MANTOVA – Un caso clinico osservato al Pronto Soccorso dell’ospedale Carlo Poma di Mantova è diventato il punto di partenza per uno studio sulle nuove sostanze psicoattive e sui rischi emergenti legati al loro consumo. Il lavoro è stato presentato nei giorni scorsi al congresso nazionale della Società Italiana di Medicina di Emergenza Urgenza (SIMEU), svoltosi a Napoli.
La ricerca nasce dall’esperienza clinica dei professionisti della Medicina d’Urgenza e del Pronto Soccorso di Asst Mantova ed è firmata da Massimo Amato, Direttore della Medicina d’Urgenza, del Pronto Soccorso e del Dipartimento di Emergenza Urgenza, insieme a Dario Benazzi e alle specializzande dell’Università degli Studi di Milano Beatrice Maria Casati e Lara Zanisi. Al centro dello studio vi sono i catinoni sintetici, sostanze prodotte in laboratorio che imitano gli effetti di droghe stimolanti come anfetamine e cocaina e che negli ultimi anni hanno conosciuto una crescente diffusione, soprattutto attraverso i canali di vendita online.

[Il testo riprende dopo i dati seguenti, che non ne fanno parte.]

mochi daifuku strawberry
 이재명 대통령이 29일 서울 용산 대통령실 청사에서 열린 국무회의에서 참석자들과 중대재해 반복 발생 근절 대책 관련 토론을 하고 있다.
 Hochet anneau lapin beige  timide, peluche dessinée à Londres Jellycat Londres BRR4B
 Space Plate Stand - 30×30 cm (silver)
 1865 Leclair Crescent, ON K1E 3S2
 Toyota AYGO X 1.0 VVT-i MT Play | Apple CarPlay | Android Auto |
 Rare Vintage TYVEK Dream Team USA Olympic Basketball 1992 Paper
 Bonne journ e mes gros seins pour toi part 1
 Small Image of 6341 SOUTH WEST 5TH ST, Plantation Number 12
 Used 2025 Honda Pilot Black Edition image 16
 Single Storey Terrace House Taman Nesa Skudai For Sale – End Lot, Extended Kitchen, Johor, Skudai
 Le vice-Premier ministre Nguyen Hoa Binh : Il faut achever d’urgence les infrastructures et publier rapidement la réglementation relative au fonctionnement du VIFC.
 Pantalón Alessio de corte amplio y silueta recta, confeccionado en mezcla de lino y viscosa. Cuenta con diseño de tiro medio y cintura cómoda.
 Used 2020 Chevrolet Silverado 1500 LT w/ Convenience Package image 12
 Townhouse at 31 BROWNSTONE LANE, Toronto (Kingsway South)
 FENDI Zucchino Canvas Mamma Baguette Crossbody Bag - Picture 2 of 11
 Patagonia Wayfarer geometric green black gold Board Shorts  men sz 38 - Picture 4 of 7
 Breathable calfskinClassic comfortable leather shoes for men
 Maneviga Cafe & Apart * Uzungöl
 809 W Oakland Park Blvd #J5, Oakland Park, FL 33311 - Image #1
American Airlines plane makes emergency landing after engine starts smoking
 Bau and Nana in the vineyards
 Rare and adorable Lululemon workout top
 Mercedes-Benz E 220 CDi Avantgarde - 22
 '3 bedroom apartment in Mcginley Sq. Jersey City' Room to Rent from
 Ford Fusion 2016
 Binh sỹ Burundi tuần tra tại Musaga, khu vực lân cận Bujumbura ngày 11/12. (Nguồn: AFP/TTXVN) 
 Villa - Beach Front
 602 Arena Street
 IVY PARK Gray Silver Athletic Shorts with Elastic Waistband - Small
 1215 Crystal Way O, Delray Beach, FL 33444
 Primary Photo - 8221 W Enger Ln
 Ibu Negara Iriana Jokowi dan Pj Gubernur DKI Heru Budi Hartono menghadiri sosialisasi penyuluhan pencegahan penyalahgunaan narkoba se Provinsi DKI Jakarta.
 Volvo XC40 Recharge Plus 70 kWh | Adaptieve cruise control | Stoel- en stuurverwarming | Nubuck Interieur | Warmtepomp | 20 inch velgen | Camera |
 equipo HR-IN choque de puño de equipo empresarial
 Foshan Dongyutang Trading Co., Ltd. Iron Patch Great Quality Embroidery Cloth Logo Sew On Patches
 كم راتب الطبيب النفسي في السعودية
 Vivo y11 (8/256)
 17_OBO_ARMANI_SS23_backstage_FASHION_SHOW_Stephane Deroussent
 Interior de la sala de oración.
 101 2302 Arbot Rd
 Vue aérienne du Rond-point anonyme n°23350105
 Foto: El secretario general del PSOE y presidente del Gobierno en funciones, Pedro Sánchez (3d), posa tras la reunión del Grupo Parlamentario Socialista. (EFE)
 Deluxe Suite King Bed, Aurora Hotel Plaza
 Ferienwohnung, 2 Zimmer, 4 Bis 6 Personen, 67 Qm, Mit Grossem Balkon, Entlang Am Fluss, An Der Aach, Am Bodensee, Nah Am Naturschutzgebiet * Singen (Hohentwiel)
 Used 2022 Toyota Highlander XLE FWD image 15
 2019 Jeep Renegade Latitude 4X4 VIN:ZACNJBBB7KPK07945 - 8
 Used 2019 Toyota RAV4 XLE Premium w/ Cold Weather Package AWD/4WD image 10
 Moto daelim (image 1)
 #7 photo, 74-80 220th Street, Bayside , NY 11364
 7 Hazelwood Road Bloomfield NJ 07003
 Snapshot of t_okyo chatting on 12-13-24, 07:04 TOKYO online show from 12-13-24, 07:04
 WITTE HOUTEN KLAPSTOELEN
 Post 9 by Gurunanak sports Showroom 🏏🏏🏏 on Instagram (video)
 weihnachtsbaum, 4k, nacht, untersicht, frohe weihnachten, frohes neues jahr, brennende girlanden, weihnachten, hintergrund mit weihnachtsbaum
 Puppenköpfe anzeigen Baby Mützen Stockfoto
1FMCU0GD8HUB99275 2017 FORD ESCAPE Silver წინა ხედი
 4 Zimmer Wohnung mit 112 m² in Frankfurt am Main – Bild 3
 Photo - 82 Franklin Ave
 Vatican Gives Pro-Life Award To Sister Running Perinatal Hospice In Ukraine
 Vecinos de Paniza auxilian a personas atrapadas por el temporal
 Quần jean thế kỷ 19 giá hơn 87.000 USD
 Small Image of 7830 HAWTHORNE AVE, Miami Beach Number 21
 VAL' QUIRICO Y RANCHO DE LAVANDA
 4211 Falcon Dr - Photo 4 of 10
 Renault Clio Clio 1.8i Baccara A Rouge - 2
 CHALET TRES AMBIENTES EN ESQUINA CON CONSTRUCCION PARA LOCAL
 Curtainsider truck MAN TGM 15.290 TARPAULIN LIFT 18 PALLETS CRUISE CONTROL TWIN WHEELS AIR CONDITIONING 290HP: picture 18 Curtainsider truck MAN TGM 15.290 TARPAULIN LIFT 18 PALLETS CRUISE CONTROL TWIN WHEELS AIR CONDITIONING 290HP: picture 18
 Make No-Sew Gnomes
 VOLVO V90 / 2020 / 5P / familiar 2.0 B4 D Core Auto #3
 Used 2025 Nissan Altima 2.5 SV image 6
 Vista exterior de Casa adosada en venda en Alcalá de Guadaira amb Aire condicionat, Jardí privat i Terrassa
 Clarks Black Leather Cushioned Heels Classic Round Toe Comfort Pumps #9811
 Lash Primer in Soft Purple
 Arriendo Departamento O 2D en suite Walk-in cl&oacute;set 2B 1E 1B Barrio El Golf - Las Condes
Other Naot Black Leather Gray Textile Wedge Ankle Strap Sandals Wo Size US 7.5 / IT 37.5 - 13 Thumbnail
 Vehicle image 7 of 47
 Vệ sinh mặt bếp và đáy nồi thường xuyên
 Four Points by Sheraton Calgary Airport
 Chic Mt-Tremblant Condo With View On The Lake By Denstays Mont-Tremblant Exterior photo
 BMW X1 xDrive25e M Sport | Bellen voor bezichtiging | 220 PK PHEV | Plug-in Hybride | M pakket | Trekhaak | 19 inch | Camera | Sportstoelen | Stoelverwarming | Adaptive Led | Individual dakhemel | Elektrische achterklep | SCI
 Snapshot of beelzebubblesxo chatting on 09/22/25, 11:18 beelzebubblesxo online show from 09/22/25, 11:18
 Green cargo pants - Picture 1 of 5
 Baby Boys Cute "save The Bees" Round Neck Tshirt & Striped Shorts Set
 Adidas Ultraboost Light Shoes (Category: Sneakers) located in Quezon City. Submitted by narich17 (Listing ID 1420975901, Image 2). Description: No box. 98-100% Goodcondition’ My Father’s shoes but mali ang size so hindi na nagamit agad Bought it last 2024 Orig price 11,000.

L’analisi prende spunto dal caso di un giovane di 26 anni, arrivato in due diverse occasioni al Pronto Soccorso mantovano, tra il 2024 e il 2025, con una rara sindrome neurologica caratterizzata da movimenti involontari incontrollati, nota come corea. Secondo quanto emerso dagli accertamenti clinici, il quadro era riconducibile all’assunzione di catinoni sintetici. Dopo essere stato stabilizzato, il paziente è stato preso in carico dai servizi specialistici del SerD.
Il fenomeno delle nuove sostanze psicoattive rappresenta una sfida crescente per i servizi di emergenza. Una delle principali criticità è infatti legata alla difficoltà di individuare queste sostanze attraverso i comuni test tossicologici utilizzati nei Pronto Soccorso.
I catinoni sintetici vengono spesso commercializzati con denominazioni fuorvianti, come “bath salts” o “plant food”, e riportano in etichetta la dicitura “non destinato al consumo umano”. Gli effetti possono però essere particolarmente pericolosi e comprendere complicanze neurologiche, psichiatriche e cardiovascolari, con sintomi che vanno dall’agitazione alle allucinazioni, dai movimenti involontari alla tachicardia, fino a gravi episodi di ipertensione e dolore toracico.
L’obiettivo dello studio è richiamare l’attenzione degli operatori dell’emergenza-urgenza su un fenomeno in continua evoluzione, evidenziando la necessità di aggiornamento professionale e di una rapida capacità diagnostica per riconoscere tempestivamente situazioni potenzialmente gravi o addirittura letali.